_Work item_
In the entries below, find the line with "Mahle CR 1539 002S", then set it down exactly along with each line after it to the end, skipping any pictures.

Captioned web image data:

◇ ◇ ◇ ◇ ◇ ◇ ◇

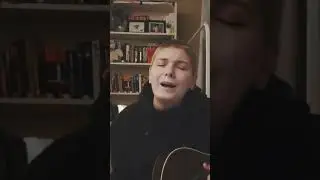 7 лепесток 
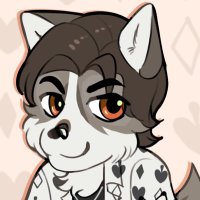 Mhathai47 (@mhathaikrub) 's Twitter Profile Photo Mhathai47 (@mhathaikrub) 's Twitter Profile Photo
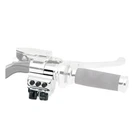 PM Contour Chrome Set of Handlebar Switches for Harley-Davidson FLT 1998-2013
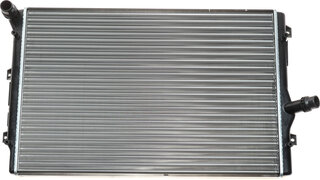 Mahle CR 1539 002S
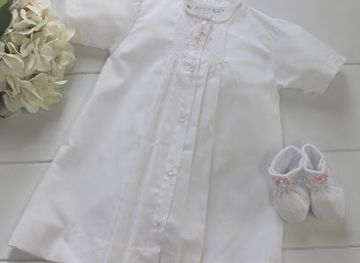 louisiana/false-river/shop/hiccups-children-s-boutique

◇ ◇ ◇ ◇ ◇ ◇ ◇

_Reply to the task_
 Mahle CR 1539 002S
 louisiana/false-river/shop/hiccups-children-s-boutique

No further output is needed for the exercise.